Given information:
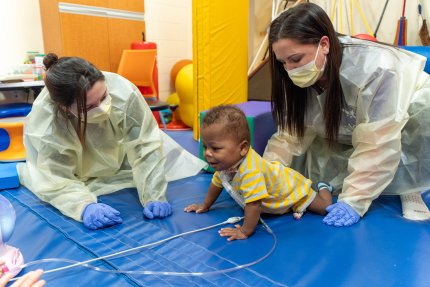child on mats during an occupational and physical therapy session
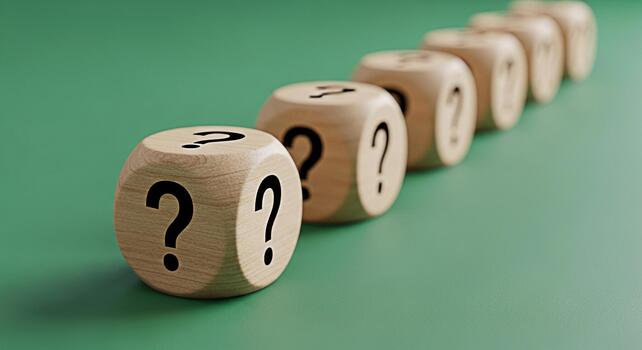 Wooden dice displaying question marks in a row on a green surface representing uncertainty questioning and the need for answers in a business or educational context creating a thoughtful and inquisiti photo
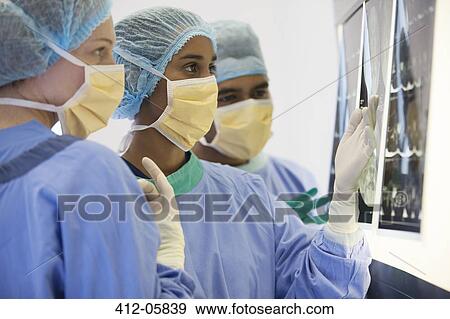 Surgeons examining x-rays in operating room View Large Photo Image Stock Photo - Surgeons examining x-rays in operating room. Fotosearch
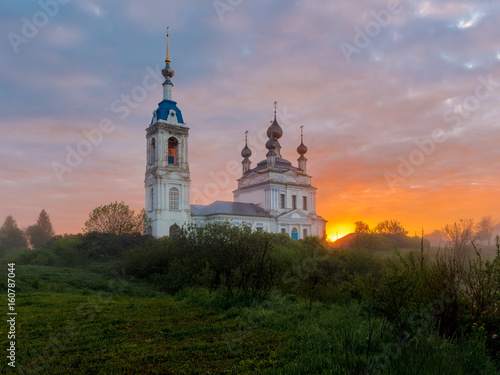 Foggy sunrise in the village Savinskoye, Yaroslavl region. Russia. The Church Of The Nativity Of The Blessed Virgin.  © yulia_terekhina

Your goal: The full listing above, duplicated exactly and without its pictures, is the answer.

Result of this task:
child on mats during an occupational and physical therapy session
 Wooden dice displaying question marks in a row on a green surface representing uncertainty questioning and the need for answers in a business or educational context creating a thoughtful and inquisiti photo
 Surgeons examining x-rays in operating room View Large Photo Image Stock Photo - Surgeons examining x-rays in operating room. Fotosearch
 Foggy sunrise in the village Savinskoye, Yaroslavl region. Russia. The Church Of The Nativity Of The Blessed Virgin.  © yulia_terekhina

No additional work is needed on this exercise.